Note: I remember hearing that Google was “rolling out” IMAP access to Gmail users and not granting it to all at once. Since my DSL Extreme account is not part of the regular Gmail throng, I appear to have both IMAP and POP as part of the deal between DSL Extreme and Google.

Summing up: A bit long and rambly, don’t you think? I’m just trying to think out loud about how deep I’m getting into the world of Google and its services.

There’s been a loud, long argument in the free, open-source software community (and at LXer in particular) about what cloud computing means for open-source software, users, freedom and all of that. For me, the freedom to have my files live in the cloud and be accessed from anywhere I’m networked is trumping almost everything else.
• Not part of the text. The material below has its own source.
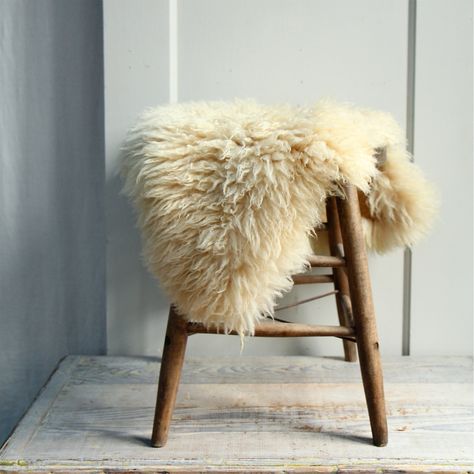 Inspiration | Hides & Sheepskin at Cox & Cox Sheepskin Stool, White Sheepskin Rug, Smart Tiles, Sheepskin Throw, Casa Vintage, Sheep Skin, Sheepskin Rug, Wooden Stools, Floor Rug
I’d love for the Google Docs interface to get more sophisticated about things like indented paragraphs and smart quotes — two of my typographical pet peeves. The technology is there, since Docs is based on HTML and CSS and can do anything that those two sophisticated technologies allow (and that is quite a lot).

And as I’ve said more than a few times recently, having the option of working with my cloud-based files either through Web interfaces or via the same kinds of locally based applications we all use today is something I’m very interested in seeing happen. It’s kind of ironic that the company I see buying into this concept (although their plans and offerings are presented in such a cryptic way that I can never really tell just what they’re planning) is Microsoft.

Yes, Microsoft’s dependence on traditional apps like MS Office and the billions it brings them has profoundly affected the company’s strategy for cloud-based data and apps. At the end of the day, a melding of local client apps that are not necessarily Web browsers could very well be more efficient than doing everything through the browser. (Or not; it’s too early to tell at this point).

The more data we have, from text files to images, audio and video, is increasingly hard to get a handle on. We need help storing, backing up, categorizing and utilizing all of this data. In my mind, it all points to the cloud.

Depending on how you look at it, it’s a little “Matrix”-y, “HAL 9000”-ish, “Neuromancer”-like

All I know is that Sun’s “The Network Is the Computer” mantra is becoming more true every day. Some of that will be good, some not. And that goodness/other will differ from person to person, application to application and entity to entity.

We won’t be limited to the huge cloud providers. There will still be traditional servers everywhere, along with clients in more shapes, sizes and guises than you could imagine. And the lone-PC-in-the-wilderness won’t go away, just as paper itself has survived in this most computer-infused of ages.

But the cloud model is real. And it’s growing.

Companies that understand this will prosper, others not so much.

Google Chrome: Still impressive, yet incomplete

September 6, 2008

I’m using Google Chrome again today in XP, and I continue to be impressed by its speed if nothing else.

So far, I’m having a lot of luck with pages being rendered correctly, and did I mention that it’s fast?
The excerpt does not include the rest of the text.